» PROBLEM STATEMENT
Transcribe exactly the lines that fall between the one holding "3101 Sunset Terrace" and the one holding "A colorful sofa", inclusive, from the entries below.

» SUPPLIED INFORMATION
:::

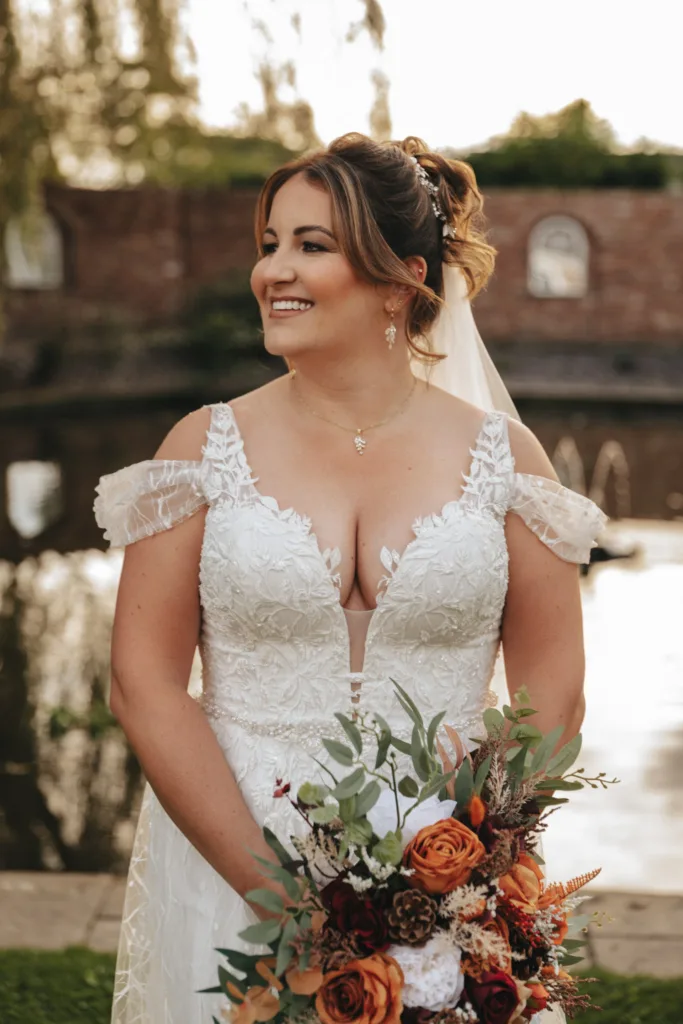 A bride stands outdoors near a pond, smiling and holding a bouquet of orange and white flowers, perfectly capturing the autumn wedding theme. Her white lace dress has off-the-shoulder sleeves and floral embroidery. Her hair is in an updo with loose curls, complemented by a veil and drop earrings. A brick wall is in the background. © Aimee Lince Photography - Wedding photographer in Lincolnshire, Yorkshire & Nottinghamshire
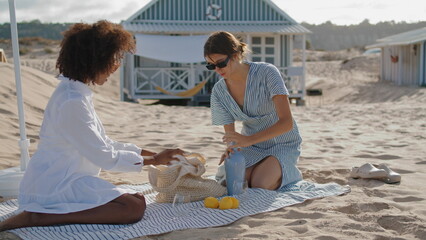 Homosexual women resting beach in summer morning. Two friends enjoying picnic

:::

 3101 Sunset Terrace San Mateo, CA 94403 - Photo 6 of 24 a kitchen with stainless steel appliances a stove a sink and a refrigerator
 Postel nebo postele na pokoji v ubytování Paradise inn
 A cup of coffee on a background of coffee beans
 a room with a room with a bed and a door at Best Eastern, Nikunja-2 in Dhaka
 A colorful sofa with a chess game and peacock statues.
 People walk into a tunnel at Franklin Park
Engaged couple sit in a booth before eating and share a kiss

:::

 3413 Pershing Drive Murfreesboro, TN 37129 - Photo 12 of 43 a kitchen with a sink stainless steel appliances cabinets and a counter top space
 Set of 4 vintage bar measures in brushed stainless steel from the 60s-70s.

:::

» SOLUTION TO THE EXERCISE
 3101 Sunset Terrace San Mateo, CA 94403 - Photo 6 of 24 a kitchen with stainless steel appliances a stove a sink and a refrigerator
 Postel nebo postele na pokoji v ubytování Paradise inn
 A cup of coffee on a background of coffee beans
 a room with a room with a bed and a door at Best Eastern, Nikunja-2 in Dhaka
 A colorful sofa with a chess game and peacock statues.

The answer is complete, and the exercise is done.